Investors who bought into Hong Leong Bank Bhd just over three years ago would have enjoyed a decent capital gain, thanks to a strong surge in its share price this year.

The stock appreciated by 25.4%, from RM12.49 to RM15.66, between April 1, 2014, and June 30, 2017 — the period of review for The Edge Billion Ringgit Club (BRC).

While that only translates into a single-digit 7.2% annualised return over the period of three years and three months, it is ahead of six other large banking peers that are also BRC members. This year alone, Hong Leong Bank saw a 17.3% gain up to the cut-off date.

The strong gain came on the back of a solid recovery in profitability at Bank of Chengdu Co Ltd (BOC), a China-based lender in which Hong Leong Bank has a 20% strategic stake. BOC’s profit contribution to Hong Leong Bank improved 3.7% year on year to RM242 million in the nine months ended March 31 (9MFY2017), underpinned by a strong 25.9% y-o-y rebound in the third quarter. It accounted for 11.7% of Hong Leong Bank’s profit before tax in 9MFY2017.

BOC’s recovery, deemed to be sustainable after a strong bout of loan loss provisions since 1QFY2016, was the main reason for a slew of target price and earnings upgrades on Hong Leong Bank by analysts right after the lender released its 3QFY2017 results on May 29. This led to a surge in its share price in June and July, with the counter peaking at the year’s high of RM16.30 on July 5.

Given the strong price appreciation, some now see limited upside for the stock, although they continue to like the lender’s strong fundamentals. Bloomberg data shows that of 18 analysts that track Hong Leong Bank, 10 have a “hold” call and eight have a “buy” with a 12-month target price of RM15.26. Its closing price on Aug 1 was RM15.70.
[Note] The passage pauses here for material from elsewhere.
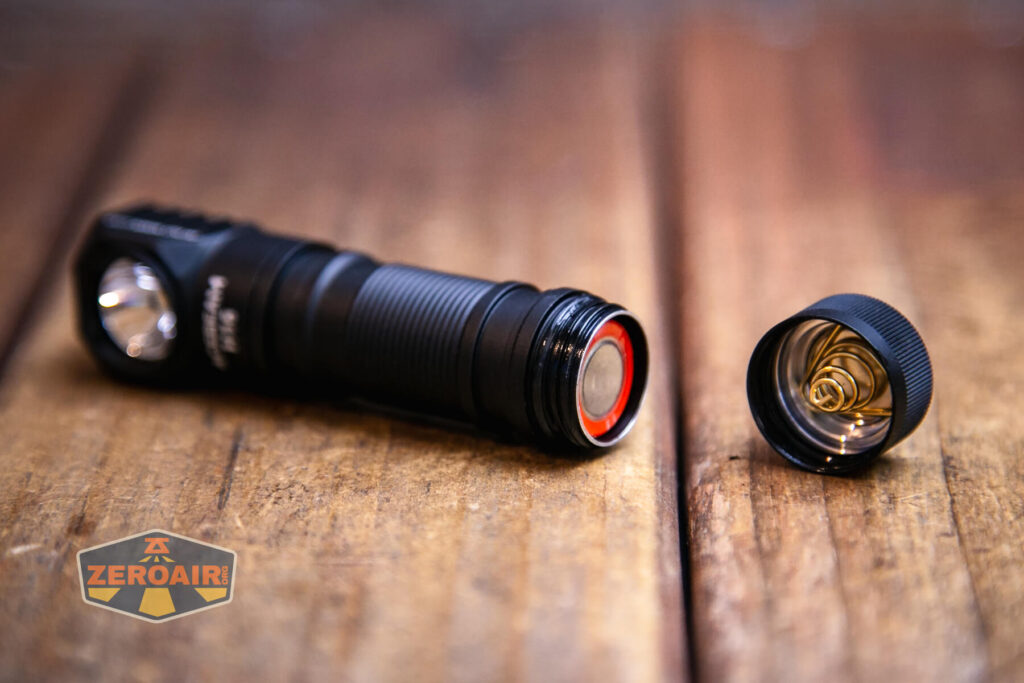 Acebeam H16 fishing headlamp included 14500 cell installed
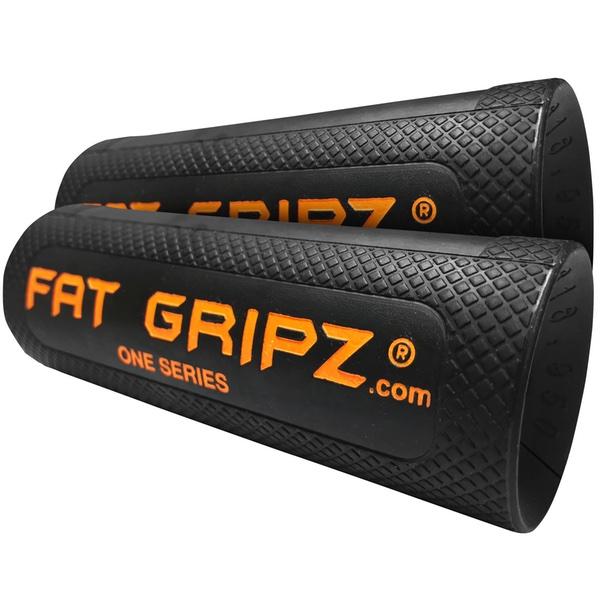 Fat Gripz 1 (diamètre extérieur de 4,4 cm) (noir/orange)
“While we continue to favour Hong Leong Bank’s strong fundamentals, which include its impeccable asset quality, liquid balance sheet and a turnaround for BOC, valuations are fair at this stage, in our view. We raise our FY18/FY19 earnings forecasts by 2% to 3% and our target price to RM15.90 (from RM15.60),” Maybank Investment Bank Research, which cut its call on the stock to “hold” from “buy”, says in a July 18 report.

Hong Leong Bank’s earnings in 9MFY2017 grew 24% y-o-y to RM1.66 billion, coming in within consensus estimates. The growth was supported by higher operating income, lower provisions and higher profit contribution from BOC. Annualised return on equity was at 10.4%, within the bank’s full-year target of 10% to 11%.

The bank is in a good position to grow earnings further. It is the only one of the country’s eight local lenders that has managed to see sequential growth in net interest margins (NIM) for four consecutive quarters.

“With the lowest loan-to-deposit ratio in the industry at 81.1% (industry: 88.8%), the group is in the strongest position to enhance NIM via more aggressive asset utilisation and/or effectively manage funding cost by only focusing on expanding CASA (current account and savings account deposits) versus more expensive time deposits,” notes UOB Kay Hian Research in a June 16 report.

The bank also continues to display strong asset quality, with one of the lowest gross impaired loans ratio in the industry, at 0.88%, and solid loan impairment coverage ratio of 106%. “Going forward, protection of our business franchise and profitability will remain our key priority,” says its group managing director and CEO Domenic Fuda.

Of late, given that banking industry conso-

lidation is again a hot topic — AMMB Holdings Bhd and RHB Bank Bhd recently called off talks — it has sparked speculation that Hong Leong Bank too may be propelled to size up for scale. Last month, it shot down as “speculative and untrue” a report about a possible merger with Alliance Financial Group Bhd.